Cozzolino sums up the issues for art history while speaking of orbs in one of Ivan Albright’s paintings, “the field has devalued realist methods for revealing the intangible. What if those chromatic haloes and lights were really there? Perhaps they were not before the eyes, but in the body, working through the body? We need a new methodology of realism that acknowledges that, for some artists, five senses were just a starting point. Conveying a somatic feeling of paranormal experiences through heightened visibility is a thread that needs attention in the history of this imagery.”
I wrote at the outset that I have never experienced the paranormal, yet one moment does rise in my memory. My mom was my Cub Scouts den mother for a time.

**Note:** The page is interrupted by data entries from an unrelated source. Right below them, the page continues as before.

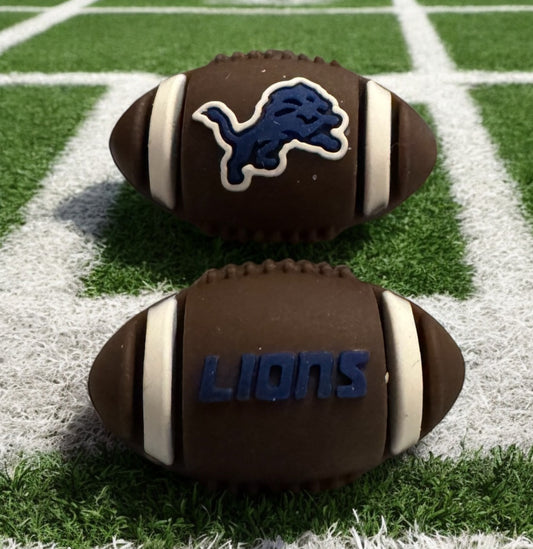 Lion 3D Football Focal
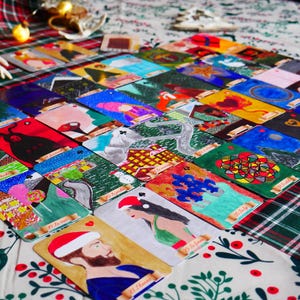 Lenormand - Un Noël avec Melle- jeu divinatoire - sans la boîte - jeu en français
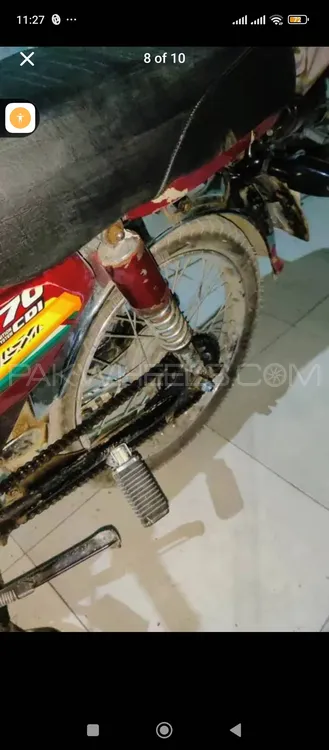Honda CD 70 2024 for Sale Honda CD 70 2024 for Sale Image-3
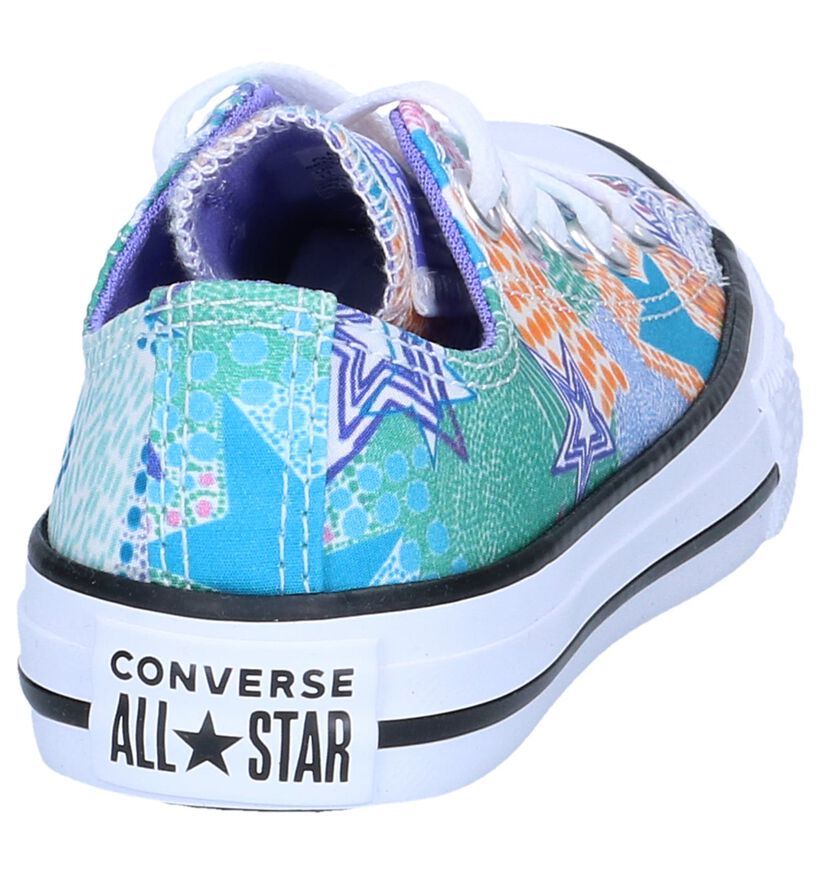Multicolor Sneakers Converse Chuck Taylor AS in stof (249098)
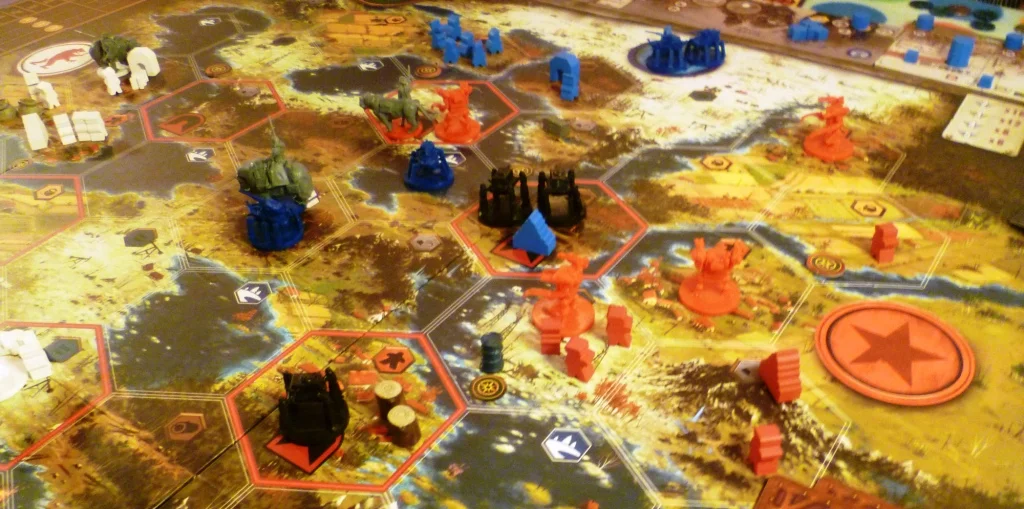 Scythe mid game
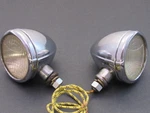Original 1931 1932 Chrysler Cowl Lamps Parking Lights. Fixed Price $249.00.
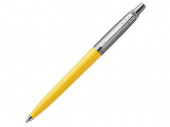 Ручка шариковая Parker Jotter Originals Yellow (серебристый, желтый)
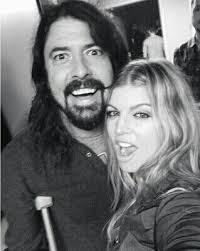 Dave Groll and Fergie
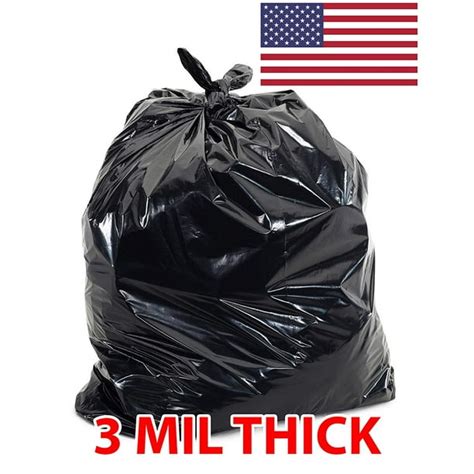 plastic trash bags made in usa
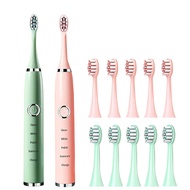 1 Sonic Electric Toothbrushes For Adults Kids Smart Timer Rechargeable Whitening Toothbrush IPX7 Wat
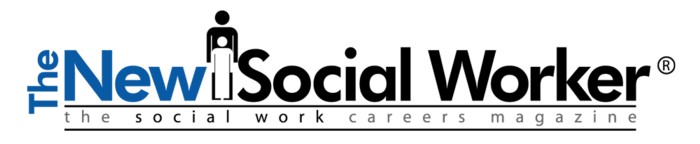 The New Social Worker logo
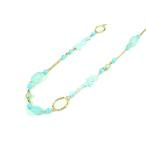 Yahoo! Yahoo!ショッピング(ヤフー ショッピング)バーゲンセール　最終価格　2009　新作 春夏　ロングネックレス　ブルー　ch9-4blu プレゼント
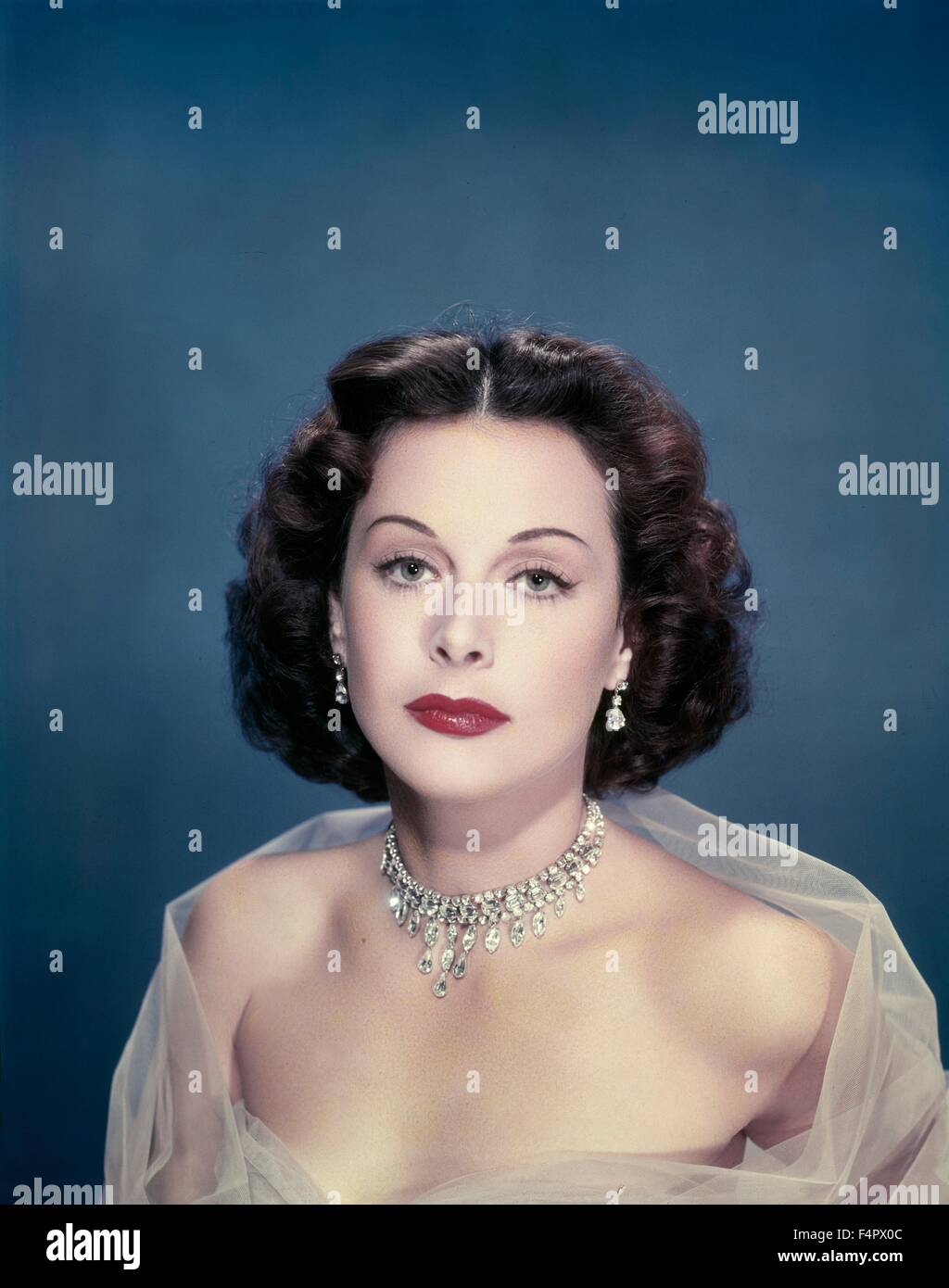 Hedy Lamarr in den 40er Jahren. Stockfoto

You could hardly deem her a typical den mother timber since she saw us as a captive group of subjects for experiments in child psychology rather than as young men in need of woodsmanship skills. One afternoon, she brought out a green Melmac tray. A gold cloth covered it. We Cub Scouts, all around 10 years old, with our yellow kerchiefs tied around our necks, imagined what wonders were poking and pressing against the cloth. She set the tray down on our dining room table. We gathered around. She gave us paper and pencils. Then she said, “There are objects on this tray. I’m going to lift the cloth and leave it off for 30 seconds. Then I’m going to cover it again. Draw what you see.” Like magic, the cover came off. We were dead silent, taking in blocks, salt shakers, figurines, forks, toy soldiers: a cramped, motley assemblage. And then she covered it again. “Remember,” she said. “Draw, boys.” And so we drew. But what each of us drew was so strange, and the drawings were so unlike one another and so unlike what was actually on the tray when she finally showed us, that the exercise was unnerving. The whole experience felt conjured. All of us, I would wager, knew, from that day forward, that no one sees the world, or any moment of it, in quite the same way as anyone else. Perception cannot be trusted. My mother, the den mother, didn’t say that to her Wolf cubs. We knew. “We” may not be alone in the universe, but I am and you are. Art bridges. Art connects. Art is fearless. That’s a message. You decide where it comes from.